Just over 20 years later, after more than a decade basking in the warm glow of EU food safety controls, it seems we may be poised a re-run, especially if the US gains access to UK markets and we see a resurgence of food-related disease in this country – whether or not it is associated with imported foods.

Ironically, the Polish salmonella epidemic comes at a time when the Commission has withdrawn its support for the authorisation of formaldehyde as a feed additive - said to be "the most efficient tool to fight against the bacteria in animal feed".

Formaldehyde is used as a feed additive in poultry and has been on the EU market for several years but its authorisation expired in 2015 The issue has been stuck in the Standing Committee on Plants, Animals, Food and Feed for two-and-a-half years, with France and Italy blocking re-authorisation due to worker safety concerns.

As a result, several member states stopped using formaldehyde in animal feed, including Poland, putting at risk what is described as one of the Commission's biggest food safety successes in the past decade – the eradication of salmonellas in poultry.

Formaldehyde is not the only product being blocked. The Commission is also experiencing difficulty re-authorising the herbicide Glyphosate, after Member States failed to give it the go-ahead.

In another area, it is reported that Europe is "under siege" from a wave of imports of "fake" pesticide, with a further report that Greece has just seized more than 700kg of illegal pesticides that originated from Turkey.

From the UK perspective, these events have several implications for Brexit.

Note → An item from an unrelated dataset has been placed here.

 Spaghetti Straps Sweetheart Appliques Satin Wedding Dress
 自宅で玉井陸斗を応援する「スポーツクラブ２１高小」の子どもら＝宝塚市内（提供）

While we have been writing extensively about EU sanitary controls on UK imports, we have also suggested with its high level of health controls, EU produce will get free access to the UK.

However, if EU Member States are still failing to deal with adventitious food additives, as in the fipronil scandal, if it is banning products that the UK would wish to use – thus creating regulatory divergence – if we are seeing a resurgence of epidemic salmonelloses on the continent, and if the EU border is porous to illegal pesticides, then we are going to have to consider whether a light touch on EU imports is entirely appropriate.

Then, if we start using pesticides and other chemicals which are not permitted in the EU, we can expect a higher level of border checks before UK food products are allowed entry.

This can also work in other ways. The long-running issue of contaminated beef in Brazil has not yet been resolved by the Commission, after imports were suspended from 21 meat packing plants. However, Hong Kong and China have resumed imports, and an independent UK might have decided to do likewise – a move which would have required intensified origin checks on UK exports to the EU.

Bearing in mind that there is a chance that we will no longer be a full part of the EU's food safety system, and may not have access to its market surveillance data (with the EU also cut off from UK intelligence), there is a further likelihood of intensified border checks.

Putting this all together, it seems events are conspiring to maximise food safety stresses between the UK and the mainland – also providing a harbinger for the difficulties we may encounter. On the basis of what we are seeing, few could be confident that maintaining the free flow of foodstuff and animals across the EU external border (also comprising Ireland) will be an easy option.